I snorted at her and pulled away, but as I followed her down the stairs, her skirt a line of shining runnels all tumbling toward Ricky Luhrmann, my throat closed. Something in our lives was over now, forever, and the new place where we lived felt more dangerous. We were almost side by side when we got back to the party, but I doubt anyone actually saw me. Lilly looked as if a hundred lightbulbs had all been flipped on inside her. I scanned the room to find the brother and spotted him already heading for a door. I trotted along to place myself by his side and stuck my hand out. “I’m Neave. Awkward that we didn’t meet until now, isn’t it?”
“Yes. Nice to meet you.” He had a cool, firm, solid-citizen handshake.
“Also odd I didn’t know you existed until today.” He kept standing there, not bothered by the silence, not acting like it was his job to make friends. “So what have you heard about me, Max Luhrmann?”
“That you’re more intelligent than your sister. More awkward. Not social. Apparently as a child you used to hide in closets. You have a particular relationship with a childhood book called … I don’t know. Something about sea travel and sadism.… You’re interested in naval history?”
“Not much. If Ricky’s the source of any information about me, you might question it.”
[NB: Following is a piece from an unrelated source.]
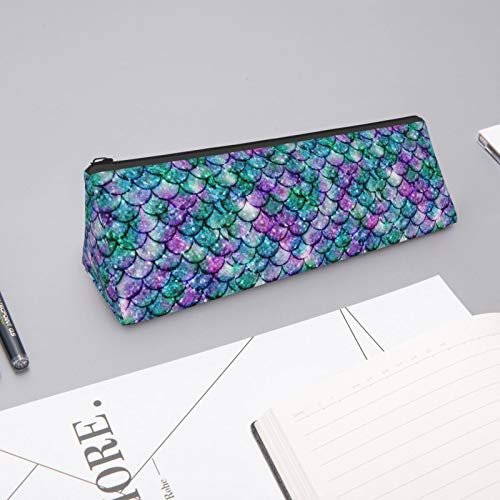 Bright Mermaid Scales Small Capacity Triangle Pen Bag,Compact Zipp...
“You don’t like Ricky?” he asked in the same kind of tone you’d use if you were asking how somebody felt about lamb chops.
“I don’t really know Ricky very well. But I hear that you don’t like him. Or he doesn’t like you. Or something like that.”
“A bold statement from a woman who didn’t know I existed until twenty minutes ago.”
“A ridiculous rebuttal from a man who tells little children that he hunts for something called a snark.”
“I do. A snark is a dense packet of water that moves through water of lesser density and often different temperature. Sonar can’t penetrate it, so it’s of interest to the navy.” I looked blank. He added, “Submarines hide behind them.”
“Oh.” I considered. “Mr. Luhrmann, you don’t seem much like your brother.”